0

I keep getting this error when trying to import a csv document into R and trying to develop a corpus for topic modeling. I have used this approach successfully on 4 other projects but cannot get past this error. My data source has a doc_id column and a text column. Error is Error:

all(!is.na(match(c("doc_id", "text"), names(x)))) is not TRUE

I tried importing using a a number of different suggestions such as Error faced while using TM package's VCorpus in R

file_loc <- "C:\\Users\\mdlawrence\\Desktop\\Test2.csv "

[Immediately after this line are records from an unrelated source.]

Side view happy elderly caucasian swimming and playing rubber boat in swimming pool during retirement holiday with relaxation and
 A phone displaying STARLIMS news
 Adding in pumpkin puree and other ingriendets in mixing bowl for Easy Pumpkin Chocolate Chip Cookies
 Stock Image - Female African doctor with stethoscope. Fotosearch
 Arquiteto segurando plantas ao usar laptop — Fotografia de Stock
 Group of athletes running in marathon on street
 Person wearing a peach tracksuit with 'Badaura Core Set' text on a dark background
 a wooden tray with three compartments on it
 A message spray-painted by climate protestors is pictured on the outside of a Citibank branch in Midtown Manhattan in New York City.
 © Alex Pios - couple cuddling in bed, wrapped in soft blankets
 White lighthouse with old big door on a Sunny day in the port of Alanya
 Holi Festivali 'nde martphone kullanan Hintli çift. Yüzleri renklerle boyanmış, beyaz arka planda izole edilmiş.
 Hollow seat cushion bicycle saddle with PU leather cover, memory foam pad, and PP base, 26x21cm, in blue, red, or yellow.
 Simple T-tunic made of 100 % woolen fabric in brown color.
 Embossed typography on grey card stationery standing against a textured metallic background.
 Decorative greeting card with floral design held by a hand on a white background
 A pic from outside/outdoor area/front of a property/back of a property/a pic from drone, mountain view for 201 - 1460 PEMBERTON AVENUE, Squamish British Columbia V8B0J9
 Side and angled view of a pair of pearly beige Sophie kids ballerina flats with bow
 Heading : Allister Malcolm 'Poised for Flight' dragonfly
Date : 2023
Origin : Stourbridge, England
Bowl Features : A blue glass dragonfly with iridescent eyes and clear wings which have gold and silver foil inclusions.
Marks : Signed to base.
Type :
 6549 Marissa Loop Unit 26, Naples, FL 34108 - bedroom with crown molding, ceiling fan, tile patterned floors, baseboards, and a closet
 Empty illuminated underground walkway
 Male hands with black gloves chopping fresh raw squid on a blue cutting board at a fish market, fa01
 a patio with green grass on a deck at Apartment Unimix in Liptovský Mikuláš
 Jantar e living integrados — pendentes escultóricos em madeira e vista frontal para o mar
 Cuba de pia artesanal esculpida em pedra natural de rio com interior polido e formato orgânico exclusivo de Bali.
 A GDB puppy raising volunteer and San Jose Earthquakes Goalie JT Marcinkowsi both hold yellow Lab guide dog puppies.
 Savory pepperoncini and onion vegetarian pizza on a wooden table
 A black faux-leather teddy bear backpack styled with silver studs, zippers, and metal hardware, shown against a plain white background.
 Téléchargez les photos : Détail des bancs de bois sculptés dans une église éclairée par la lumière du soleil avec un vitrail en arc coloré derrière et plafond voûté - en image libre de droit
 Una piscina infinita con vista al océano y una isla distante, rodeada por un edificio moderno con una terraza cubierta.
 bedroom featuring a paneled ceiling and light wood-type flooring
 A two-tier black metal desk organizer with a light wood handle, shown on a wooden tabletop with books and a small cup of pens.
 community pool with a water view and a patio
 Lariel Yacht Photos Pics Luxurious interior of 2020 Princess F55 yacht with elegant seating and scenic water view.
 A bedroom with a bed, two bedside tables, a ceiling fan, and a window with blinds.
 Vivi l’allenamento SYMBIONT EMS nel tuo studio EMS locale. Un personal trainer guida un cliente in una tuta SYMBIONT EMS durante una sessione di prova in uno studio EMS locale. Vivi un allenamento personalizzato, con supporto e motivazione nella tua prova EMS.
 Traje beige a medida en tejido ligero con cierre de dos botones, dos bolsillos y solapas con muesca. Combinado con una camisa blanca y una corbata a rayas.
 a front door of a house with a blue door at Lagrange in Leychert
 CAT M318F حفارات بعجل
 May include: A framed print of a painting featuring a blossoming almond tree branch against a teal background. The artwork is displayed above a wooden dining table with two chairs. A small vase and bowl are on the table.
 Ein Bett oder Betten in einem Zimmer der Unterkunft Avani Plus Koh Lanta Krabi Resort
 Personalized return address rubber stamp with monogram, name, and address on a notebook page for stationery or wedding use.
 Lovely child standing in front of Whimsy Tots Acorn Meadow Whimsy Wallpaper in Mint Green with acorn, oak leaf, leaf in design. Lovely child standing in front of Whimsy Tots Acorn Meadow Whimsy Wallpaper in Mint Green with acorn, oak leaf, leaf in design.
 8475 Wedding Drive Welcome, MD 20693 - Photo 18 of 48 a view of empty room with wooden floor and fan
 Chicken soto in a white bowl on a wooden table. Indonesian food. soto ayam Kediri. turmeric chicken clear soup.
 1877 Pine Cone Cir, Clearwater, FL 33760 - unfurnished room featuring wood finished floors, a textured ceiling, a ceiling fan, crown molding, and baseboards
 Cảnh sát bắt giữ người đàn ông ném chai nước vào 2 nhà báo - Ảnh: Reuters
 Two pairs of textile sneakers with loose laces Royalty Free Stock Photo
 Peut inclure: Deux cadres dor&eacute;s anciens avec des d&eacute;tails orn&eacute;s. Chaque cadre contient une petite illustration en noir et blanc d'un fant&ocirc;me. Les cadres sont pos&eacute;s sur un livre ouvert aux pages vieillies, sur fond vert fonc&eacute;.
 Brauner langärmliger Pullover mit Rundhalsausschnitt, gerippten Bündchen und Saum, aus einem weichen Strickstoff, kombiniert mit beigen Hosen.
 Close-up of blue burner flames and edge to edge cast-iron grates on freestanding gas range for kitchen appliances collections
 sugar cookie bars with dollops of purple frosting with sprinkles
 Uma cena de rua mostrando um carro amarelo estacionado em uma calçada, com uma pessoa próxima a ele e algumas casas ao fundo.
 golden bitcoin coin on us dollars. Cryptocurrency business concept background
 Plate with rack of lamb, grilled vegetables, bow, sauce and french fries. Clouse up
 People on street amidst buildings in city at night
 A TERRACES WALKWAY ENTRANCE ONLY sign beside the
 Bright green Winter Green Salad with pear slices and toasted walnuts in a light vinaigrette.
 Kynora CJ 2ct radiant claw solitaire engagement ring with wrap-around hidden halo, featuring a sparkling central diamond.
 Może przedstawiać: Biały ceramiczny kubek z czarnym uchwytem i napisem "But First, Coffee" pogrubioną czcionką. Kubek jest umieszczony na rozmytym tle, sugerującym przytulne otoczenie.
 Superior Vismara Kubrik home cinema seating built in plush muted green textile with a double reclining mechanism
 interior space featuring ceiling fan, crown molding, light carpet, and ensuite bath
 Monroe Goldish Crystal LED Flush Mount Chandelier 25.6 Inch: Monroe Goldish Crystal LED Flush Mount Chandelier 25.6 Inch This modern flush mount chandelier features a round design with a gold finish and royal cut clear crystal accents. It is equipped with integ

 x <- read.csv(file_loc, header = TRUE, stringsAsFactors = F)

 require(tm)
 Loading required package: tm

 Loading required package: NLP

 corp <- Corpus(DataframeSource(x))

Error: all(!is.na(match(c("doc_id", "text"), names(x)))) is not TRUE

docs <- DocumentTermMatrix(corp)

Error in TermDocumentMatrix(x, control) : object 'corp' not found

I expect to see a corpus with one document per row in the .csv file. Any suggestions are greatly appreciated.

NelsonGon
  • 13,015
  • 7
  • 27
  • 57
  • Could you add a sample of `x` with `head(x)` or better a `dput`? – NelsonGon May 20 '19 at 10:51
  • 1
    As far as I remember with the `tm` package the column names must be `doc_id` and `text`. What is the column name of the `text` part? Try also `VCorpus(DataframeSource(x))`. Check out this answer: https://stackoverflow.com/questions/47406555/error-faced-while-using-tm-packages-vcorpus-in-r which seems to have the same problem as you face. – user113156 May 20 '19 at 10:52
  • 1
    Possible duplicate of [Error faced while using TM package's VCorpus in R](https://stackoverflow.com/questions/47406555/error-faced-while-using-tm-packages-vcorpus-in-r) – NelsonGon May 20 '19 at 10:54
  • @NelsonGon structure(list(X.doc_id. = c("1A", "2A",… ), X.text. = c("I think a conversation needs to be had to bring all employee groups up to the same … 0 feet" )), . Names = c("X.doc_id.", "X.text."), class = "data.frame", row.names = c(NA, -100L)) – Matthew Lawrence May 20 '19 at 12:45
  • @NelsonGon also when I try the solution presented in the possible duplicate problem I get this error. Error in data.frame(doc_id = row.names(xdata), text = x$text) : arguments imply differing number of rows: 100, 0 – Matthew Lawrence May 20 '19 at 12:49
  • @user113156 the column name is text. I saw that post which is why I changed the column names. I am at a loss. Thank you for your input. – Matthew Lawrence May 20 '19 at 12:55
  • 1
    You can [edit] the question to include a `dput` of a representative sample of the data. One row isn't enough to test out your code on. [See here](https://stackoverflow.com/questions/5963269/how-to-make-a-great-r-reproducible-example) on making an R post folks can more easily help with. – camille May 20 '19 at 15:21

1 Answers1

1

Its a name issue with your column names. The dput you provide shows this also (X.doc_id) and (X.text). So running the following produces the same error as you were experiencing.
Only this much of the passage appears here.